União cobra de redes sociais maior combate a conteúdos que incentivam a violência nas escolas

Temos assistido a uma onda de violência e de ameaças de atos violentos em escolas de todo o Brasil, o que tem gerado insegurança e indignação na população brasileira, com pelo menos duas ocorrências mais graves em grandes cidades nas últimas semanas. 

Para proteger com mais eficiência os direitos fundamentais das crianças, adolescentes e de toda a comunidade escolar, o Governo Federal, em parceria com Estados, têm adotado uma série de medidas para combater essa situação.
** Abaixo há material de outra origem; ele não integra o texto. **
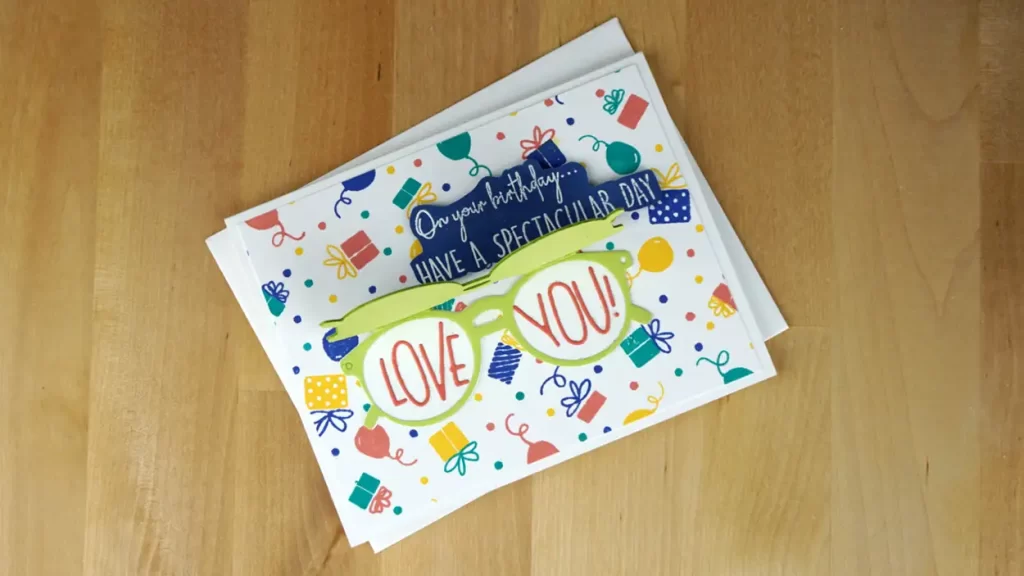 Fun interactive card with die-cut sunglasses that flip up and a homemade birthday patterned background.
Uma das principais ações surgidas nesse contexto está prevista na Portaria nº 351/2023 do Ministério da Justiça e Segurança Pública, que dispõe sobre medidas administrativas a serem adotadas no âmbito do Ministério da Justiça e Segurança Pública, para fins de prevenção à disseminação de conteúdos flagrantemente ilícitos, prejudiciais ou danosos por plataformas de redes sociais.

A Portaria, de 12 de abril de 2023, atribui à SENACON a competência para instaurar processo administrativo para apuração e responsabilização das plataformas de rede social, por descumprimento do dever geral de segurança e de cuidado em relação à propagação de conteúdos ilícitos, danosos e nocivos, referentes a conteúdos que incentivam ataques contra ambiente escolar ou façam apologia e incitação a esses crimes ou a seus perpetradores. 

A norma também determina que a SENACON requisite e avalie as medidas de mitigação adotadas pelas plataformas de redes sociais relativas a riscos sistêmicos decorrentes do funcionamento dos seus serviços e sistemas relacionados, incluindo os sistemas algorítmicos.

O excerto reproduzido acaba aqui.